Ensure the operation has #[instrument] attribute
Check the span isn't being filtered by sampling
Verify trace context propagation in network messages

High Memory Usage

Reduce batch size in OTLP exporter
Lower sampling rate
Check for span attribute explosion

Integration with Existing Observability

Prometheus Metrics

Tempo can generate metrics from traces.

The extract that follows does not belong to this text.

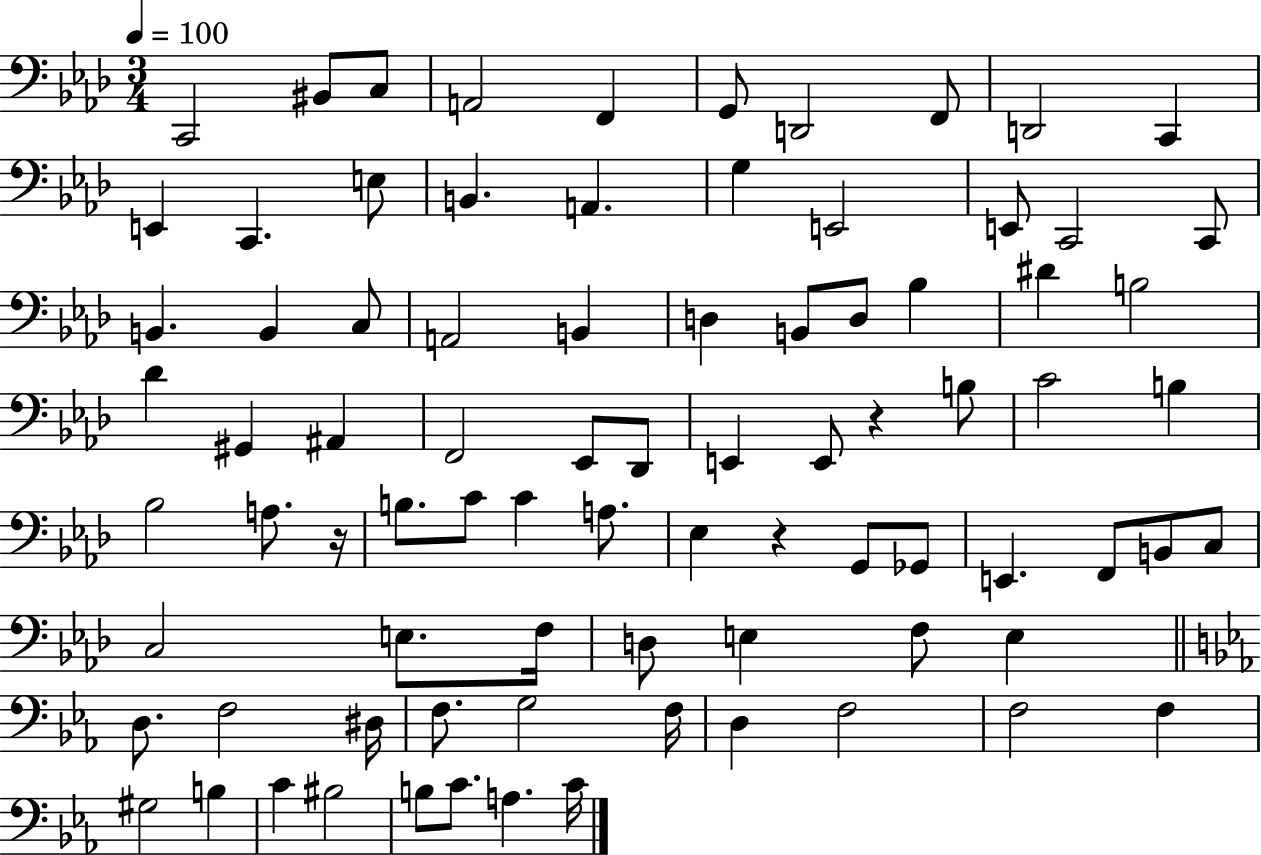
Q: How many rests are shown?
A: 3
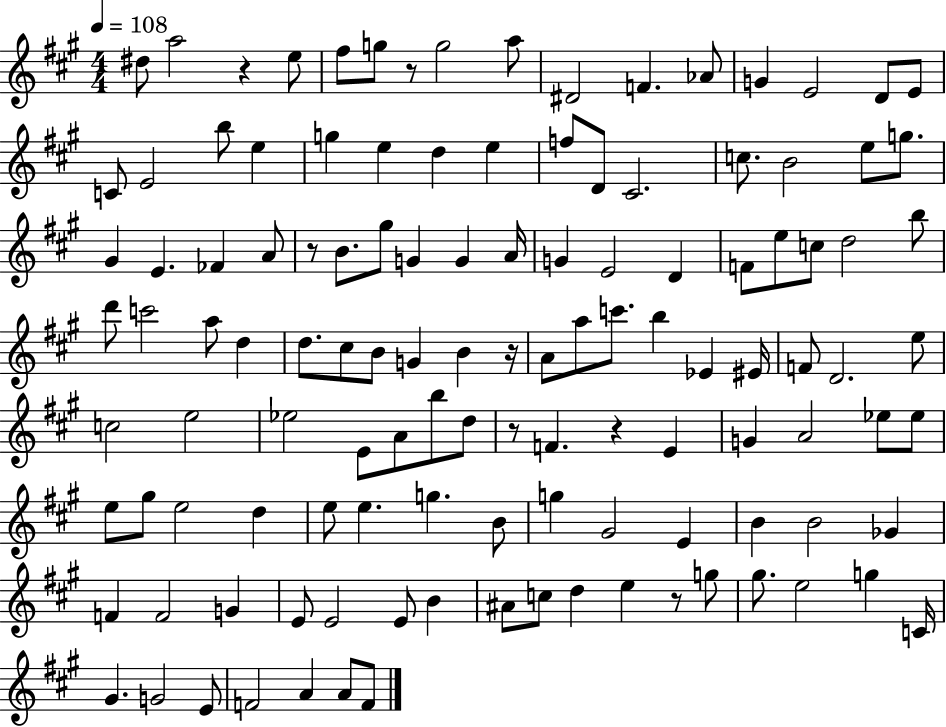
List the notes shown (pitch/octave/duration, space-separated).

D#5/e A5/h R/q E5/e F#5/e G5/e R/e G5/h A5/e D#4/h F4/q. Ab4/e G4/q E4/h D4/e E4/e C4/e E4/h B5/e E5/q G5/q E5/q D5/q E5/q F5/e D4/e C#4/h. C5/e. B4/h E5/e G5/e. G#4/q E4/q. FES4/q A4/e R/e B4/e. G#5/e G4/q G4/q A4/s G4/q E4/h D4/q F4/e E5/e C5/e D5/h B5/e D6/e C6/h A5/e D5/q D5/e. C#5/e B4/e G4/q B4/q R/s A4/e A5/e C6/e. B5/q Eb4/q EIS4/s F4/e D4/h. E5/e C5/h E5/h Eb5/h E4/e A4/e B5/e D5/e R/e F4/q. R/q E4/q G4/q A4/h Eb5/e Eb5/e E5/e G#5/e E5/h D5/q E5/e E5/q. G5/q. B4/e G5/q G#4/h E4/q B4/q B4/h Gb4/q F4/q F4/h G4/q E4/e E4/h E4/e B4/q A#4/e C5/e D5/q E5/q R/e G5/e G#5/e. E5/h G5/q C4/s G#4/q. G4/h E4/e F4/h A4/q A4/e F4/e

Configure in tempo.yaml:

metrics_generator:
  storage:
    remote_write:
      - url: http://prometheus:9090/api/v1/write

Correlation with Logs

Traces include span IDs that can correlate with structured logs:

tracing::info!(parent: &span, "Processing message");

API Reference

TracingConfig

pub struct TracingConfig {
    /// Enable distributed tracing
    pub enabled: bool,

    /// OTLP gRPC endpoint (e.g., "http://localhost:4317")
    pub otlp_endpoint: String,

    /// Sampling rate (0.0-1.0, default: 0.1)
    pub sampling_rate: f64,

    /// Service name for traces (default: "icnd")
    pub service_name: String,
}

TraceContext

pub struct TraceContext {
    /// W3C traceparent header value
    pub traceparent: Option<String>,

    /// W3C tracestate header value
    pub tracestate: Option<String>,
}

impl TraceContext {
    /// Create context from current span
    pub fn from_current() -> Self;

    /// Check if context is valid
    pub fn is_valid(&self) -> bool;
}

Functions

/// Initialize OpenTelemetry tracing
pub fn init_tracing(config: &TracingConfig) -> Result<()>;

/// Shutdown tracing and flush pending spans
pub fn shutdown_tracing();